Tra meno di due mesi, le principali agenzie di rating (Moody’s, Standard & Poor, Finch, Dbrs, e Scope ratings, per non citare che le maggiori) formuleranno il loro giudizio sull’andamento dell’economia italiana. Il giudizio verrà influenzato dall’evoluzione politica (delibera sul Documento di Economia e Finanza, preparazione e varo della legge di bilancio, finalizzazione della legge elettorale, aggregazione e compattamenti tra soggetti politici).
Ci sono, però, rischi non solamente politici. In primo luogo, occorre chiedersi sino a quando alcune categorie di titoli di Stato italiani potranno restare negativi, alleggerendo il peso del debito pubblico e stimolando l’economia). Ne sono in circolazione 115 miliardi, un terzo del totale dell’eurozona. Le banche, che ne sono i principali detentori, sono anche i soggetti più a rischio; ma per loro sbarazzarsene per prendere titoli più redditizi (senza aumentarne la rischiosità) non è un’impresa facile. Lo stanno già facendo le famiglie italiane, ma a poco a poco e senza farsi notare (se non nei bollettini della Banca d’Italia, solitamente letti unicamente da specialisti). Sino a quando, però, si potrà contare su tassi negativi o rasoterra? In America è in atto da circa un semestre una politica di leggero ma costante rialzo dei tassi. In Europa, in particolare dopo le elezioni tedesche, il tapering off (ossia lo smantellamento) del Quantitative Easing (Q.E) sembra già iniziato. Con le conseguenze sui tassi d’interesse che si possono prevedere.
Ciò non potrà non avere implicazioni sul debito pubblico. Dubito che la strada del rientro graduale a piccolissimi tassi potrò essere perseguita se i tassi aumentano. La quasi impercettibile riduzione del rapporto debito/Pil segnata nei preconsuntivi 2017 è in gran parte il risultato di 115 miliardi di euro dormienti, che perdono leggermente in valore ogni settimana. Un aumento dei tassi causerebbe loro (e soprattutto i loro detentori) un risveglio con impatti significativi sullo stock di debito pubblico.
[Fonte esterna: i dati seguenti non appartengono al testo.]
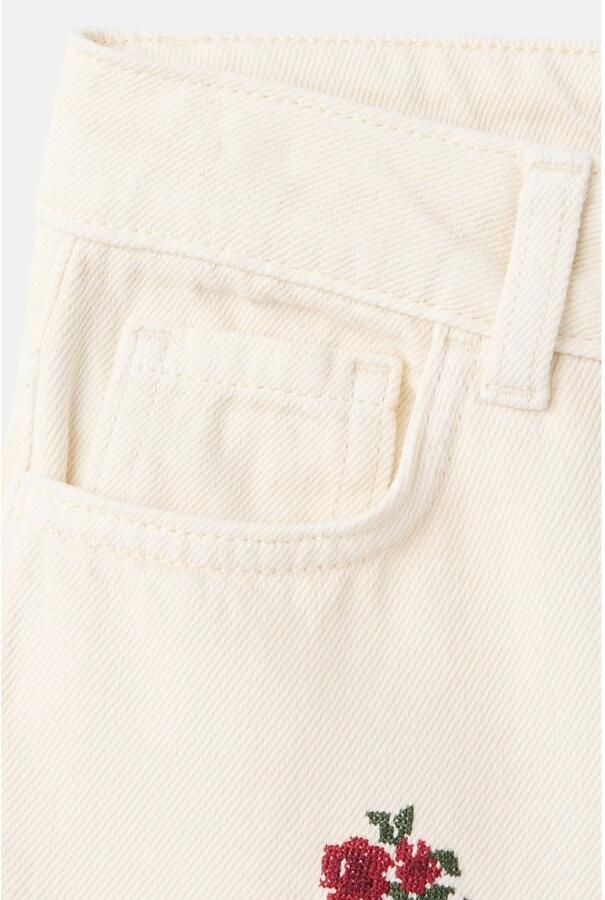 Mango Kids regular waist wide leg gebloemde jeans met borduursels ecru rood Meisjes Denim - Foto 2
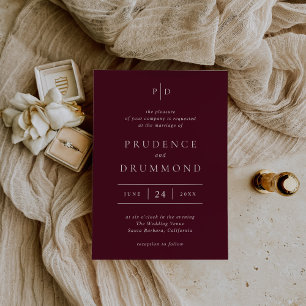 Elegant Deep Burgundy Classic Wedding Invitation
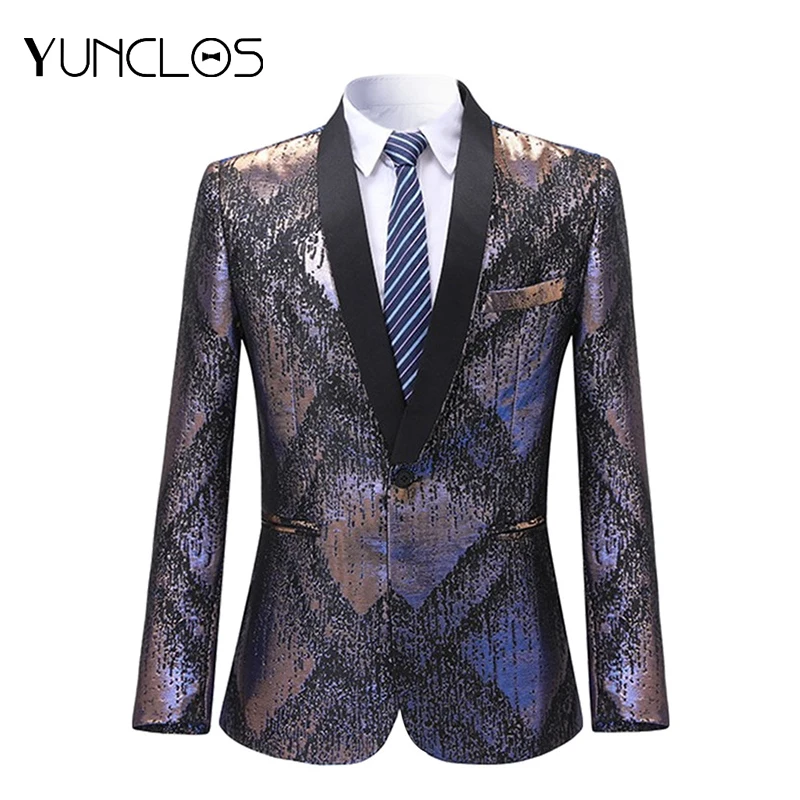 

YUNCLOS Blue Business Men Suit Jackets Stripe Print Singer Stages Blazers Suit Jackets Wedding One Button Men Suit Jackets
C’è poi un terzo elemento sul quale la politica ha poca influenza e la politica italiana non ne ha alcuna: i cambi. Lo sottolineano nell’ultimo fascicolo del periodico Economic Modelling (Vol 66, pp. 112-120), tre economisti greci, Dimitris Kenourgois, Dimitrios I. Dimitriu, Theodore Simon, nel saggio “Financial Crises, Exchange Rate Linkage and Uncovered Interest Rate Parity. Evidence from G7” (Crisi finanziarie, nessi tra i cambi e parità di tassi di cambio allo scoperto. Il caso del G7). I greci di cambi se ne intendono da millenni.
È un saggio breve ma molto tecnico che esamina il nesso tra i cambi delle maggiori monete durante la crisi finanziaria internazionale e quella del debito sovrano nell’eurozona. La conclusione è che il dollaro canadese e la sterlina britannica sono state influenzate solo dal dollaro USA grazie alla loro stretta integrazione. Lo yen è stato l’unico ‘porto di rifugio’, le fluttuazioni dell’euro, invece, sono state contenute specialmente a ragione degli interventi della Bce e del sistema europeo di banche centrali. Ove ciò cessasse potrebbe iniziare “un periodo turbolento e politiche monetaria non cooperative”. Con ramificazioni forti sui tassi d’interesse.